見出し画像

しんぺいさんの酒蔵探訪記#4      「畑酒造・「大治郎」」(滋賀県東近江市)

 今、滋賀県の湖南から湖北地方にかけて、趣のある町並みには雛人形が至る所で飾られている。厳しい冬を乗り越えて、暖かい陽が照らされる時、町中は雛人形でさらに心を華やかにさせてくれる。
 特に甲賀・湖東地区、中仙道や東海道が通っていたこともあり、古き良き景観が残されている地域が多い、そこに「商人の町」と言われた地域があり、そこには手付かずの景観が残っている。そこで飾られている雛飾りは温かみを感じさせ、厳しい冬に別れを告げてときめく春へと移り変わるひと時であろう。
 その中で五箇荘を訪れました。近江商人の町と言われるこの地、代表的な近江商人の商家では艶やかな雛飾りが華やかに飾られ、温かみある光景をここでは見られました。
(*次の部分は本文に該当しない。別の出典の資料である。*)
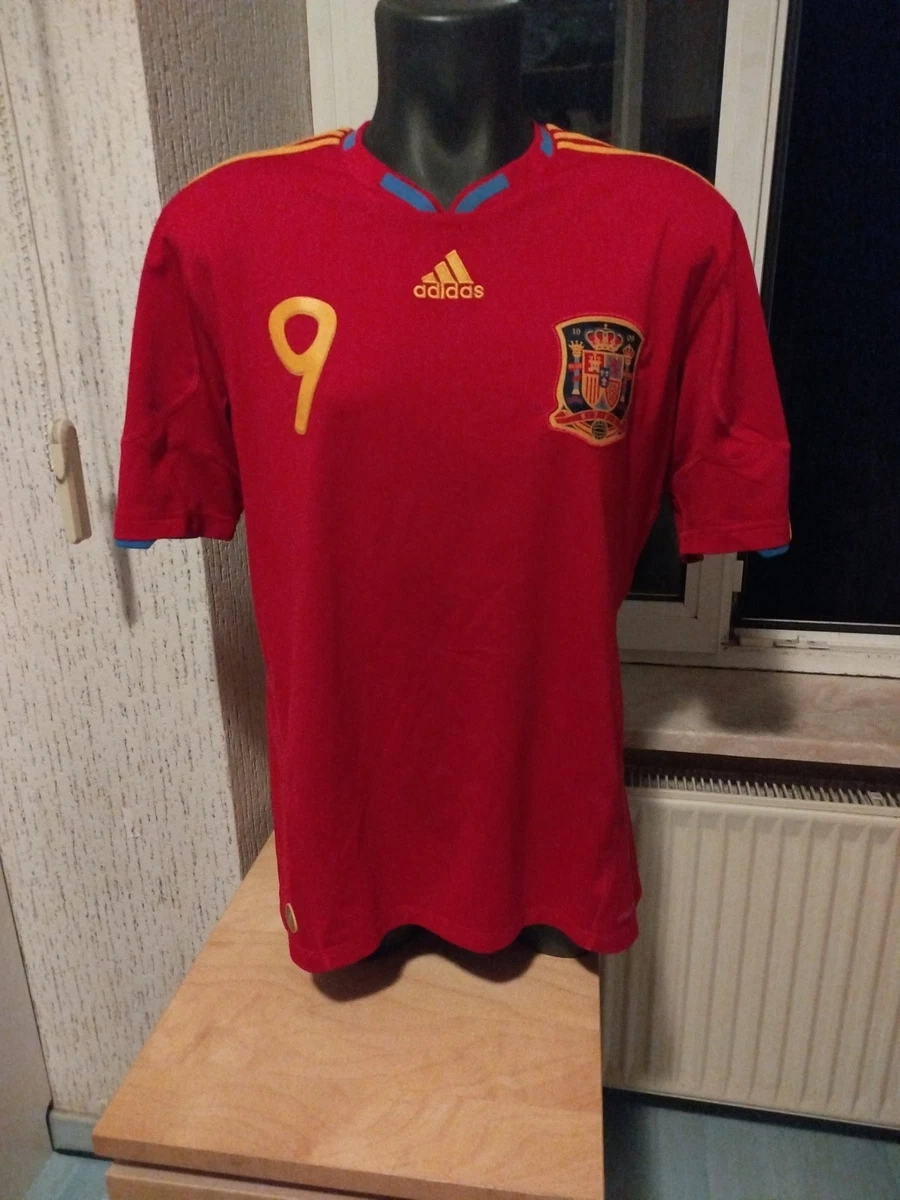 Maillot Espagne #9 Fernando Torres 2005 - Domicile Rouge - Taille M - Occasion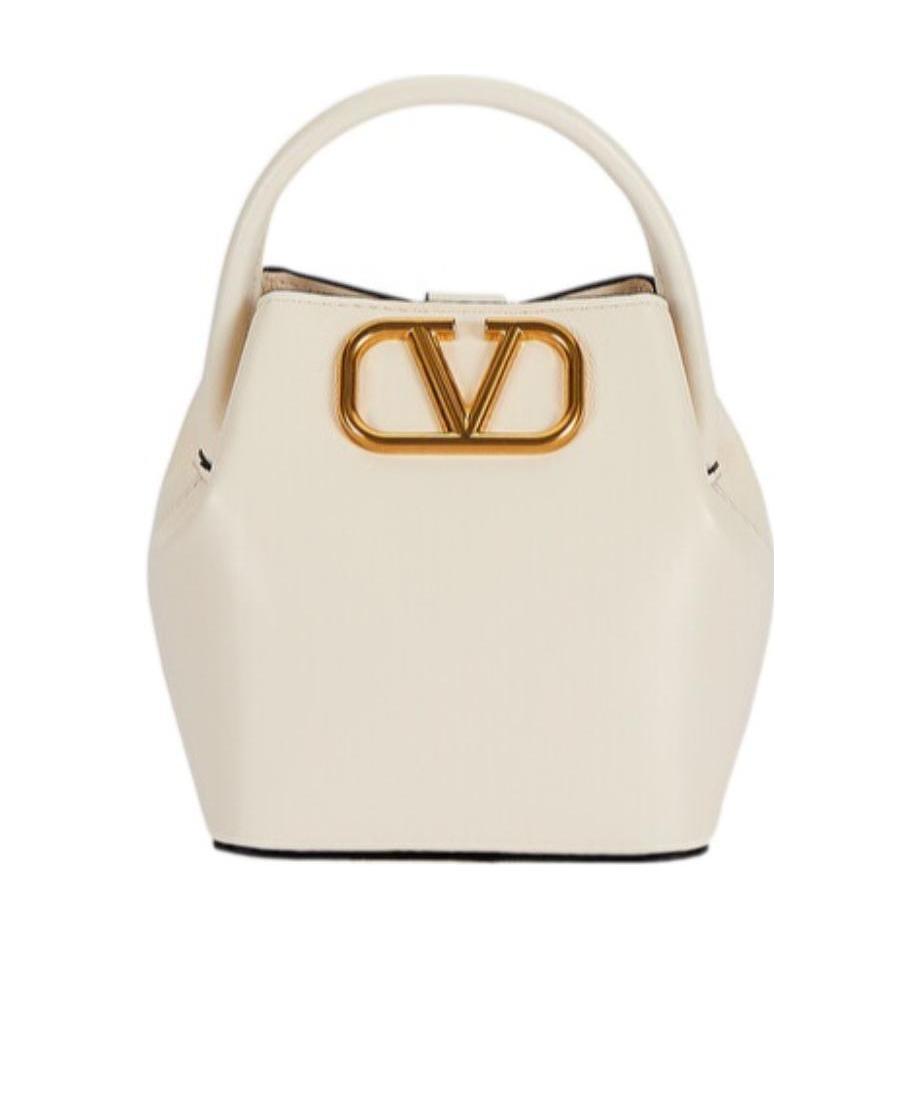 Valentino Vlogo Tote Bag In White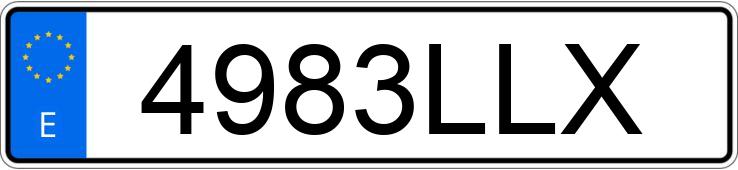 Numer rejestracyjny 4983LLX posiada BMW SERIE 4 Numer rejestracyjny 4983LLX posiada BMW SERIE 4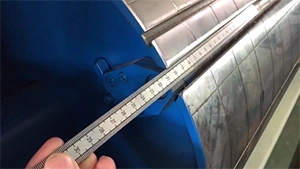 Print Cylinder Lateral Adjustment (Right Direction)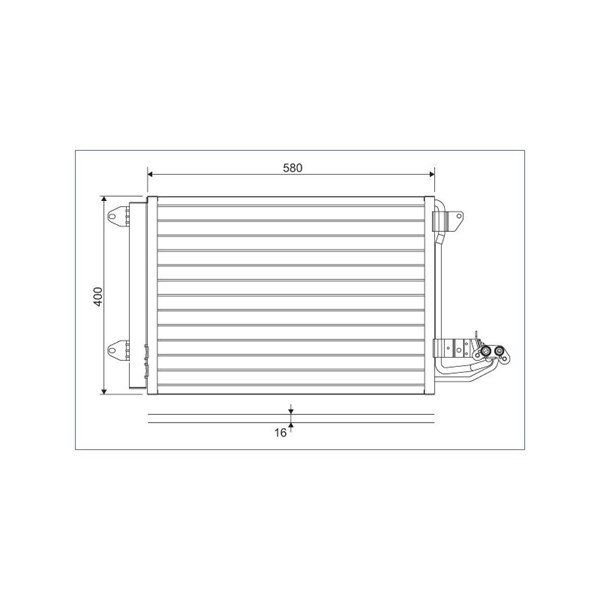 Kondensor, klimatanläggning Valeo 817777 VALEO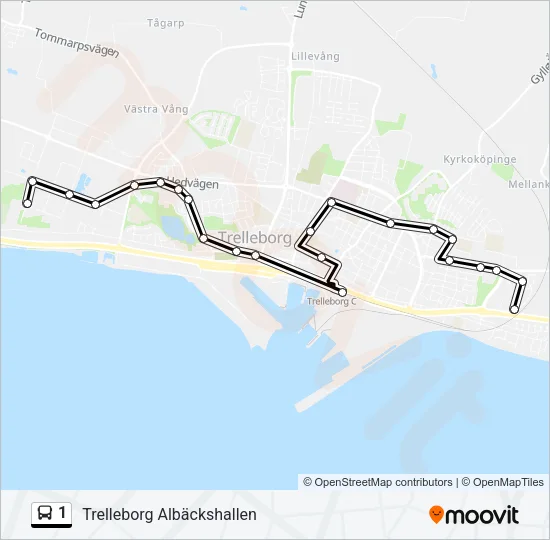 1 Bus Line Map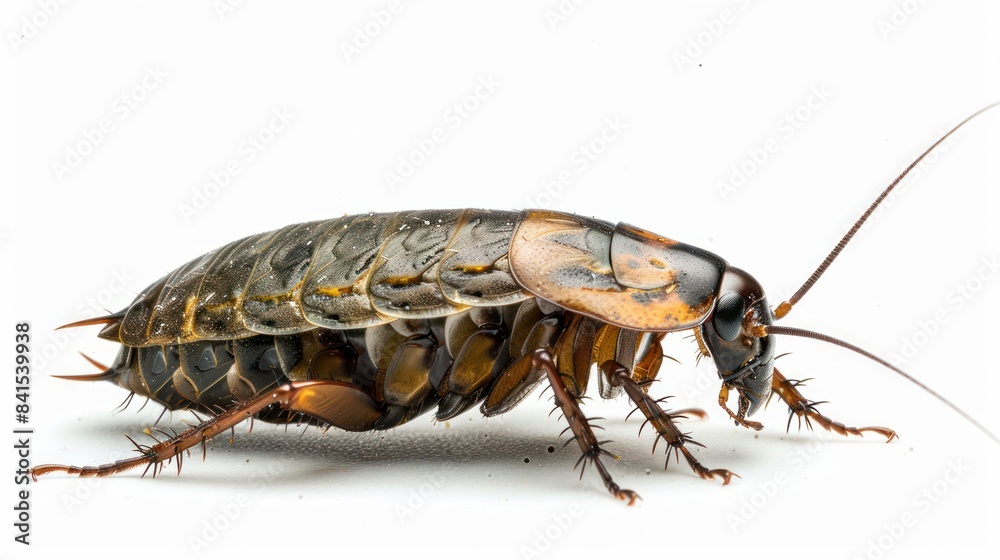 Dubia Cockroach full body clearly photo on white background , Dubia Cockroach full body clearly photo on white background ,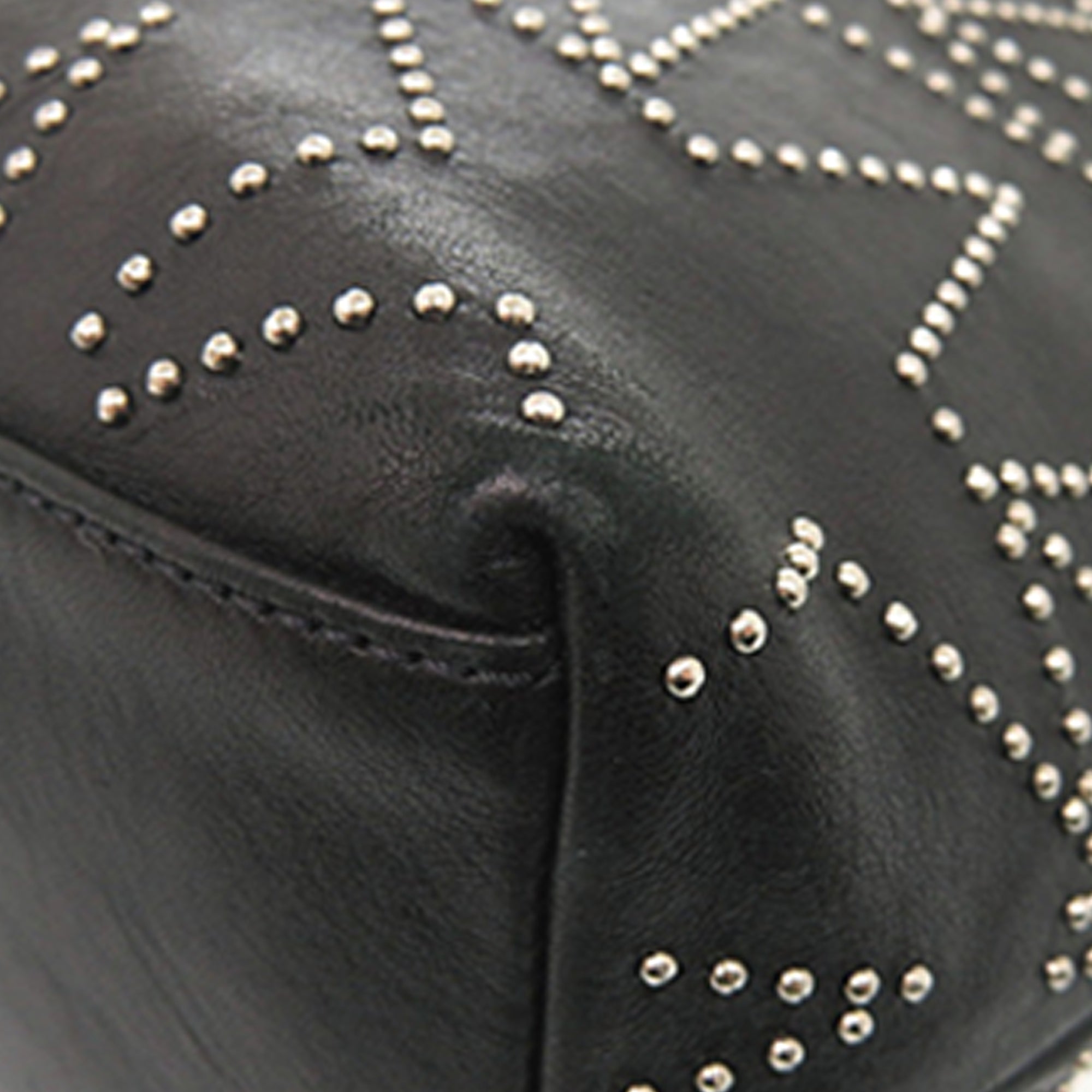 Leather Star Studded Sofia Tote - Image 10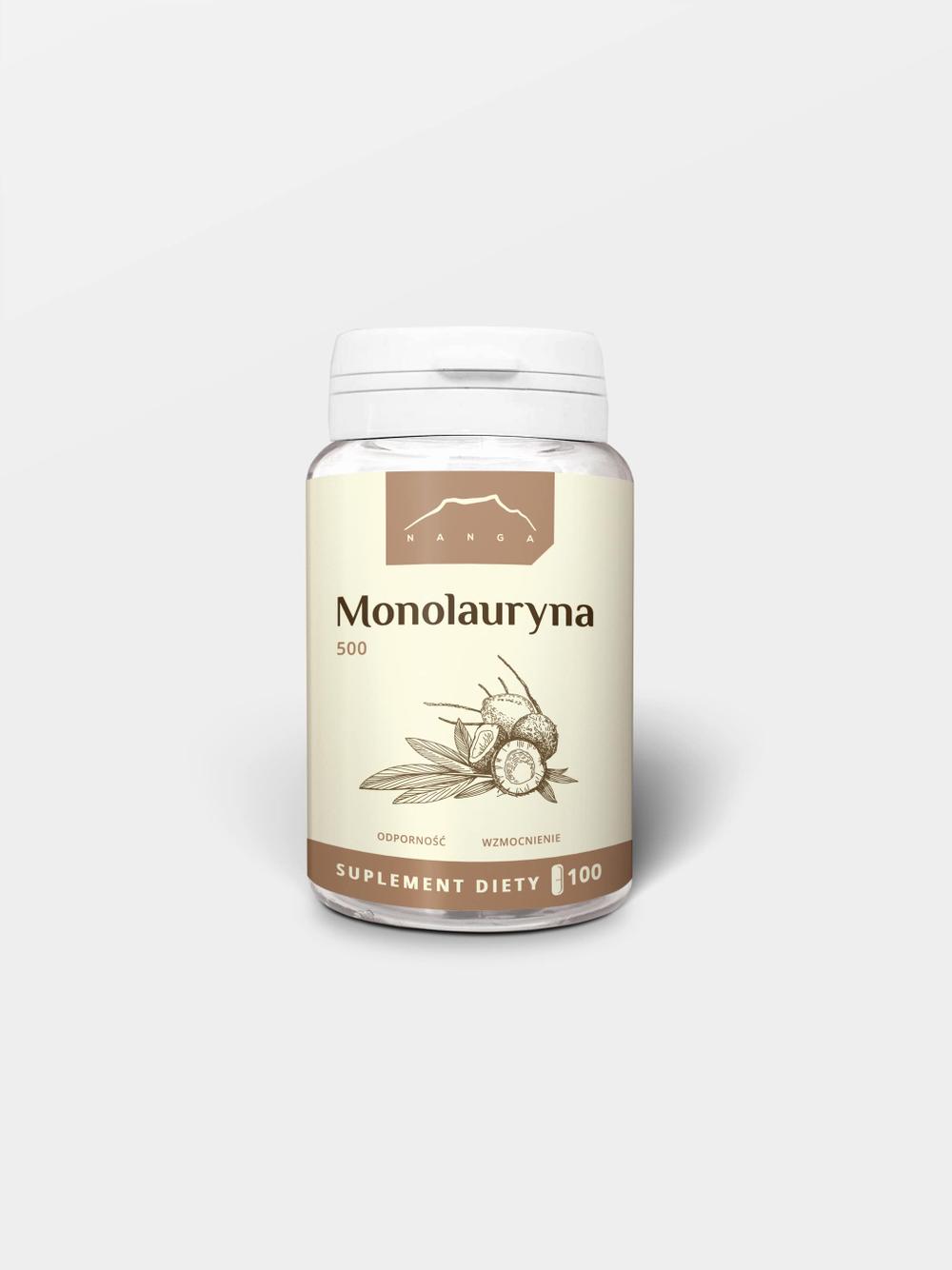 Monolauryna 100 kapsułek x 500 mg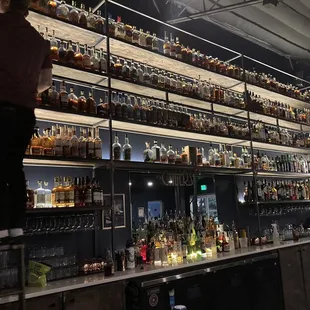 a man standing on a ladder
中江準五郎邸では滋賀県をモチーフにした雛人形「清湖雛」がお披露目、琵琶湖を中心とした景色、滋賀県の山々、近江の中心、大津や草津をイメージしたお雛様と滋賀県の特徴を活かした雛人形が地元の人形作家の手に制作、長い年月を経て、つい最近新たに完成された雛人形には多くの方が待ち望み、自らの目でその人形に焼き付けた。ひな祭りの日はまだ先であるが、一足早い春の訪れをここで触れる人が沢山いてるようです。

五個荘の商家で見られる雛飾り

 2005年の「平成の大合併」の中で新たに誕生した東近江市、五個荘も一つの「町」として君臨していたが、今は東近江市の中にすっぽりと陰に隠れている。その東近江市の中で中心となっているのが「旧八日市市」のエリア、交通の要所となり、経済、産業の中心、この八日市と近江八幡の間に「太郎坊宮」と言われる由緒ある神社がある。「ガチャコン」と言う愛称で知られる近江鉄道に乗って、太郎坊宮前駅を下車、無人駅を降りれば目の前に聳える険しい山、ここを登れば太郎坊宮へとたどり着く。「勝運の神様」と知られ、プロスポーツ選手や企業経営者も訪れる等、多くの方が参拝します。夫婦岩の間を願いを込めて通り、参拝後に焼き団子を戴く、これが太郎坊宮のお決まり事だそうです。

太郎坊宮の鳥居、その奥の山が太郎坊宮です。

  さて、太郎坊宮駅から、鳥居を潜らず道路を歩いて5分、交通量の多い道路を歩き、趣のある和菓子屋を越えて、たどり着いた酒蔵へ、直前の交差点で長い時間は待たされたが、輝きある高貴な純白の暖簾が堂々と掲げられていた。実はここに来たのは私は10年も昔、以来、近江の日本酒の魅力に取りつかれた原点となった酒蔵となった。それが「大治郎」の醸造元、畑酒造である。

純白の暖簾が眩い「畑酒造」

 久しぶりに足を踏み入れた酒蔵は眩いぐらいに輝く純白の暖簾、そして、白壁、さらには赤茶色の壁、前回訪れた時はこじんまりとした雰囲気で、近江の町並みに合いまった雰囲気だったが今は、綺麗な雰囲気を醸している。中に入ると、これまた綺麗に生まれ変わり、お洒落な空間へと変貌を遂げた。その一方で日本酒は依然と全く変わっていないスタイルを貫き、これが今年110年を迎える今も創業当時の製造で提供をし続けている。

大治郎の商品一覧

 純米がメインの酒蔵、滋賀県の酒米を厳選し、鈴鹿山脈の水を使い、何より、近江の風土で醸された酒、そして、袋吊りで絞り出すと言う製法でまろやかな清酒が出来上がる。近江の良さをふんだんに生かし、昔ながらの製法で醸される酒は多くの愛好家が存在する。元々、質の高い日本酒が産まれる近江の地の中で近江らしい日本酒を醸し出している。

今回購入した、「大治郎 山廃純米」

 今回は「大治郎 山廃純米」を購入、この地で戴く山廃は魅力を感じる。一杯戴けばフルーティーで米の旨味がふくよかに広がる。滋賀県の吟吹雪と言う酒米を使用し、滋賀の全てが詰まった日本酒と言っても過言ではない、となると近江牛かな、塩を利かせ、軽くあぶった近江牛、または鮒ずしなんかも合いそうかもしれない、と言うよりは滋賀の酒は滋賀の旨いもので戴きたいと思う。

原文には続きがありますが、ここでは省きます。